§ Data shown

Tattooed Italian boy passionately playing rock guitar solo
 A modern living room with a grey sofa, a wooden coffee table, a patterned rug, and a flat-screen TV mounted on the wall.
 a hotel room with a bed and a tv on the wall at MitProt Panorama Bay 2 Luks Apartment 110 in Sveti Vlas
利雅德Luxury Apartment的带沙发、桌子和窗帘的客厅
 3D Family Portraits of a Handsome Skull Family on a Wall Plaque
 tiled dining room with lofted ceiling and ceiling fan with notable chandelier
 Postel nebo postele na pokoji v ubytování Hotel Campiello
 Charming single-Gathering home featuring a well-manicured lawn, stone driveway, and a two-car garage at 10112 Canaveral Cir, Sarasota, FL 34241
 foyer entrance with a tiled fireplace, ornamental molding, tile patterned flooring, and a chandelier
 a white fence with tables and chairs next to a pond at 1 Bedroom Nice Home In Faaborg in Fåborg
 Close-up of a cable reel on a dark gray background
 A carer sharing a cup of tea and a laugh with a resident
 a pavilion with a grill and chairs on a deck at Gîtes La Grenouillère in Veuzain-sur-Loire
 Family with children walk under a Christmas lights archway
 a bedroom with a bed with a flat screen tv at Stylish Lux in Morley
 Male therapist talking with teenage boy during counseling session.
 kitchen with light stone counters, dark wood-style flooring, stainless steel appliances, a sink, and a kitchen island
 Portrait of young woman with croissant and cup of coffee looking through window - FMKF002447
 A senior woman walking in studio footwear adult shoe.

§ Activity
From the line containing "利雅德Luxury Apartment的带沙发、桌子和窗帘的客厅" down to the line containing "A carer sharing" in the material above, reproduce every line exactly, including the two end lines.

§ The answer
利雅德Luxury Apartment的带沙发、桌子和窗帘的客厅
 3D Family Portraits of a Handsome Skull Family on a Wall Plaque
 tiled dining room with lofted ceiling and ceiling fan with notable chandelier
 Postel nebo postele na pokoji v ubytování Hotel Campiello
 Charming single-Gathering home featuring a well-manicured lawn, stone driveway, and a two-car garage at 10112 Canaveral Cir, Sarasota, FL 34241
 foyer entrance with a tiled fireplace, ornamental molding, tile patterned flooring, and a chandelier
 a white fence with tables and chairs next to a pond at 1 Bedroom Nice Home In Faaborg in Fåborg
 Close-up of a cable reel on a dark gray background
 A carer sharing a cup of tea and a laugh with a resident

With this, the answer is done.